DATA BELOW:

*** Block opens ***

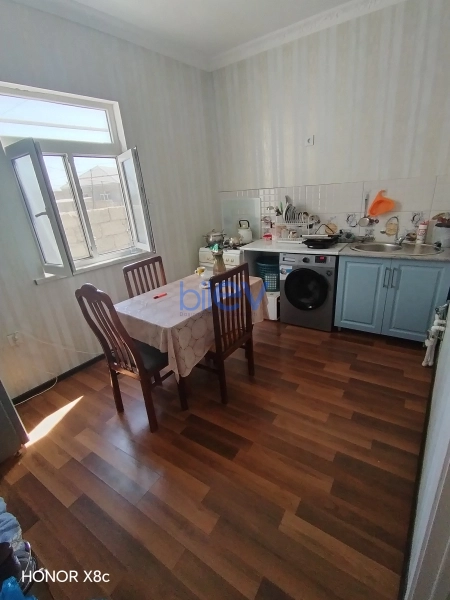 Satış 3 otaqlı Həyət evi  200m², Bakı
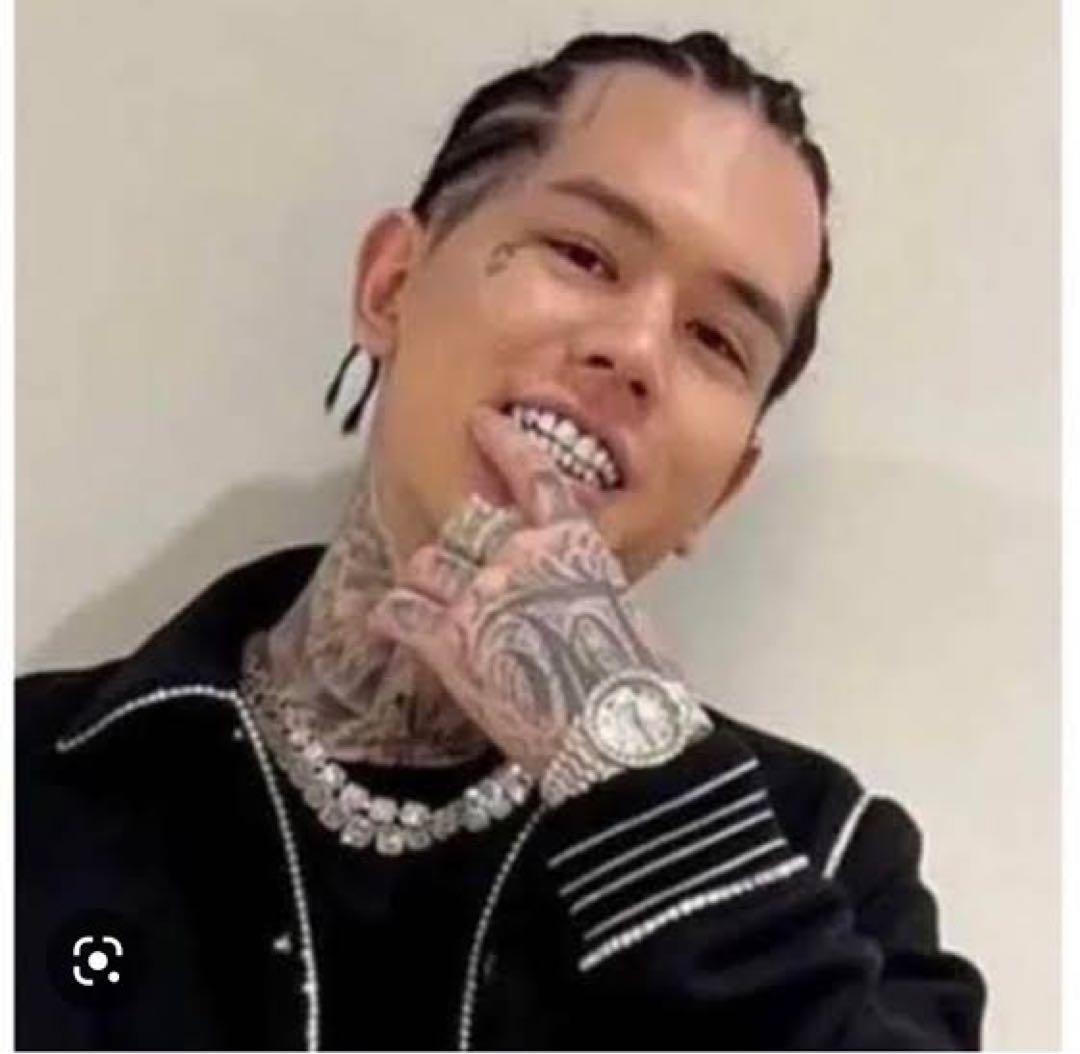 時計＋ネックレスセット YZERRモデル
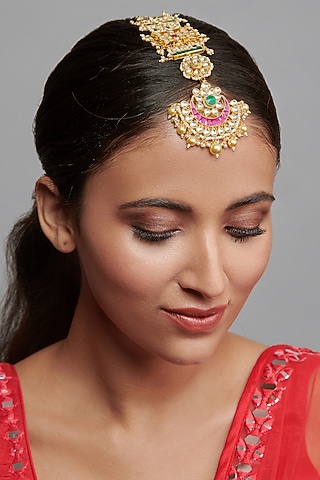 Gold Finish Kundan Polki & Semi Precious Stones Bridal Mangtikka by Curio Cottage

*** Block closes ***

WHAT IS BEING ASKED: What you give back must match the material word for word, with no images included.

TASK OUTPUT:
 Satış 3 otaqlı Həyət evi  200m², Bakı
 時計＋ネックレスセット YZERRモデル
 Gold Finish Kundan Polki & Semi Precious Stones Bridal Mangtikka by Curio Cottage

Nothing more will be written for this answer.